Causer du tort est une drogue. Et le meilleur passe-temps. Les autres étudiants applaudissaient mes mauvais coups. Mon ego s'élargissait à la même vitesse que ma réputation. Puis, un peu après mes 18 ans, je me suis fait arrêter sur le toit du centre commercial. C'est là que votre humble narrateur a entrevu les conséquences qui m'attendaient plus tard. J'aimerais bien vous dire que j'ai enfin compris que j'aurais pu blesser quelqu'un, mais ce n'est pas le cas. À ce moment-là, j'ai pensé que je pourrais me retrouver en prison. Et que la prison, c'était le début de la fin. Après mon arrestation, ce n'était plus le fun d'être con. Ma mauvaise réputation a fait le tour de la ville. Je n'étais plus admis au party de fin d'année. Les gens avaient une opinion à mon sujet avant même de me rencontrer. Aujourd'hui, mes amis savent ce que je suis devenu, dix ans plus tard. Mais l'opinion des autres, qui n'ont connu qu'une partie de mon ancien moi, reste figée dans le temps.

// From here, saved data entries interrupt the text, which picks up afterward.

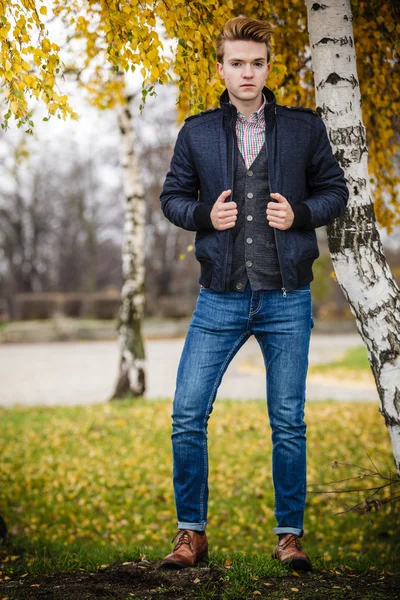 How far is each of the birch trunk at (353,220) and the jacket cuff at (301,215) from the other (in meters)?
0.32

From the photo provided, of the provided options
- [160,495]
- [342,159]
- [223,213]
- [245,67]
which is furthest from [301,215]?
[160,495]

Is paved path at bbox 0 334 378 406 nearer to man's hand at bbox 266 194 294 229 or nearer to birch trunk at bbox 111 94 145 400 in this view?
birch trunk at bbox 111 94 145 400

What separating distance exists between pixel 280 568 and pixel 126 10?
2.78m

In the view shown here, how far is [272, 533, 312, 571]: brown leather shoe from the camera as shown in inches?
117

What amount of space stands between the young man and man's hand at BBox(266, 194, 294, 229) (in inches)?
1.7

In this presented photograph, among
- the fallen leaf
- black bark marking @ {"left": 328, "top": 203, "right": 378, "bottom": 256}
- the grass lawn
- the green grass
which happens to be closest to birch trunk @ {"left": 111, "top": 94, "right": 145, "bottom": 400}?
the grass lawn

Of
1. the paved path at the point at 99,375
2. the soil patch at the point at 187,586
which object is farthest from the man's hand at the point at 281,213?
the paved path at the point at 99,375

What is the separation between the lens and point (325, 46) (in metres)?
3.12

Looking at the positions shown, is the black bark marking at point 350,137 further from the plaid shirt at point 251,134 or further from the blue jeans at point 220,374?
the blue jeans at point 220,374

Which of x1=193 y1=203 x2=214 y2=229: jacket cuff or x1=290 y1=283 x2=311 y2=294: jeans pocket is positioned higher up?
x1=193 y1=203 x2=214 y2=229: jacket cuff

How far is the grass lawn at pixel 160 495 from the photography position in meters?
3.60

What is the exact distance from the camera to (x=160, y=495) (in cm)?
571

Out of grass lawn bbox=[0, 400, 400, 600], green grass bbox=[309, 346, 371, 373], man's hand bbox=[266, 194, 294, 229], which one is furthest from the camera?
green grass bbox=[309, 346, 371, 373]

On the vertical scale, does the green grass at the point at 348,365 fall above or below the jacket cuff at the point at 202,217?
below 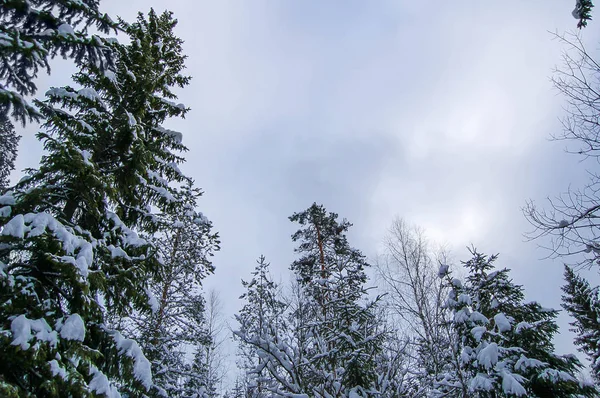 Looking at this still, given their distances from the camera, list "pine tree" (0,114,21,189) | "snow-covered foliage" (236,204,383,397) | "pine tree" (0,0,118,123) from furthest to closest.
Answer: "pine tree" (0,114,21,189)
"snow-covered foliage" (236,204,383,397)
"pine tree" (0,0,118,123)

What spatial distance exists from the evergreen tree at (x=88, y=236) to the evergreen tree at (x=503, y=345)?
6.45m

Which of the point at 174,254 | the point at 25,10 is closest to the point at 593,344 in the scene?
the point at 174,254

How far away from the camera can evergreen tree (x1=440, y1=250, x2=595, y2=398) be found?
6523mm

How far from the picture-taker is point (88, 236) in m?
5.50

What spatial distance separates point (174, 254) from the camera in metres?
12.5

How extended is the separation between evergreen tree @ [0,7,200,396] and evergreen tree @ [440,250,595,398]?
6451mm

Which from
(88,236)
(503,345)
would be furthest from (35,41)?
(503,345)

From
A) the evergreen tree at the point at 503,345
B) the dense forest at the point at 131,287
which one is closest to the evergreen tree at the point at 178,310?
the dense forest at the point at 131,287

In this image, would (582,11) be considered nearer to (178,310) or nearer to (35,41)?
(35,41)

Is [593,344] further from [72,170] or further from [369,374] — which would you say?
[72,170]

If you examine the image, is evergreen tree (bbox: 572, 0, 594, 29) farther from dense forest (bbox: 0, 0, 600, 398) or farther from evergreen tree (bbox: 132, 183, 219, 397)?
evergreen tree (bbox: 132, 183, 219, 397)

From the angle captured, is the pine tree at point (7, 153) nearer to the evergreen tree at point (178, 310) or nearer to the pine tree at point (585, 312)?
the evergreen tree at point (178, 310)

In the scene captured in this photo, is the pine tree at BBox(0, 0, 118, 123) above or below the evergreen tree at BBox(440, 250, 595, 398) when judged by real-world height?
above

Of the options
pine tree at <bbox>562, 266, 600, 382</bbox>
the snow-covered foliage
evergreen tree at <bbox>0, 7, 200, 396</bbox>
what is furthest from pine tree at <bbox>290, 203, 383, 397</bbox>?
Answer: pine tree at <bbox>562, 266, 600, 382</bbox>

Ils définissent une personne à partir de ce qu'ils entendent, et ce qu'ils ont entendu à mon sujet, ce n'est pas le meilleur. En fait, c'est presque toujours le pire. Les gens parlent, et les autres parlent de ce qu'ils ont entendu. Votre vie personnelle devient le jeu du téléphone arabe sans fin. J'ai toujours aimé divertir, mais aujourd'hui je ne le fais plus aux dépens des autres. J'ai noué des relations profondes basées sur le respect mutuel, je suis là mes proches et je me contrôle. On dit sans doute de moi que je suis un bon gars. Mais ça n'a pas été facile. J'ai dû travailler dur chaque jour pour devenir un adulte presque décent. Quand on vient d'une magnifique petite île, on a envie d'y retourner l'été (je vis maintenant à l'autre bout du pays). Tous ceux qui ont grandi à l'Île-du-Prince-Édouard vous le diront : les gens là-bas adorent commérer. Quand j'y retourne, ce sont les rencontres en personne qui piquent au vif. Les regards, le ton condescendant, mon immaturité présumée sont habituels quand je tombe sur d'anciens « amis ». Comme si les gens étaient fiers de savoir qui je suis ou d'avoir été témoins de mes « exploits légendaires ». Quand je retourne à la maison, ma réputation me précède. Je serai toujours celui qui a lancé des ballounes d'eau aux gens qui sortaient du spectacle d'Anne… la maison au pignon vert. On dirait que les gens sont coincés dans une machine à voyager dans le temps confuse : ils ont vieilli, mais ne peuvent voir que la personne que j'étais il y a dix ans.

Leurs commérages ne s'arrêtent pas. Alors, quand je retourne à la maison, je n'écoute personne et je me fiche de ce que les gens disent, comme le petit con que j'étais.